Still, that joke has become outdated – mainly because queer dating among women has changed radically over the past few years. We’ve already spoken at length about how LGBTQ clubs in the UK are kind of dead, and Tinder is very quickly heading the same way. When you factor that in alongside the statistic that only 2 percent of the population outwardly identify as lesbian, gay or bisexual, meeting new queer people who you also fancy can feel impossible. A friend of mine recently described it as like having to navigate an obstacle course, except you can only use the powers of your intuition, and you are walking backwards, wearing a blindfold. At least, it felt a lot more like that before Instagram Stories.

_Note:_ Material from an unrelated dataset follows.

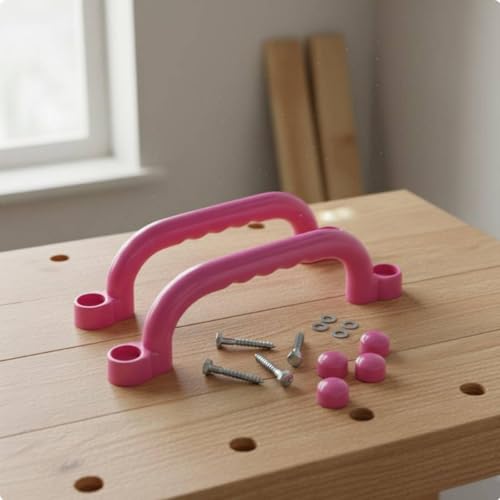 Qianly 2 Pieces Climbing Frame Handles Sturdy Construction Kids Climbing Handle Heavy Duty Playset Grips for Young Children, Red - color: Red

Instagram Stories – the feature which allows you to upload photos or videos to your profile for 24 hours – turns two today. That's two years of well-angled thirst traps. Two years of replying to other people's thirst traps with appropriate thirst (emojis). Two years of posting videos of yourself slowly stirring some risotto, or mouthing Frank Ocean songs in your underwear, or blurry footage from the sesh, before scanning the list of viewers for the name of the person you want to sleep with like an absurd millennial version of Where's Wally? Instagram Stories have changed dating for everybody because they are the perfect tool for sexual gameplay and sexting. But for queer women especially, they go one step further in that they can feel like the only channel that's available.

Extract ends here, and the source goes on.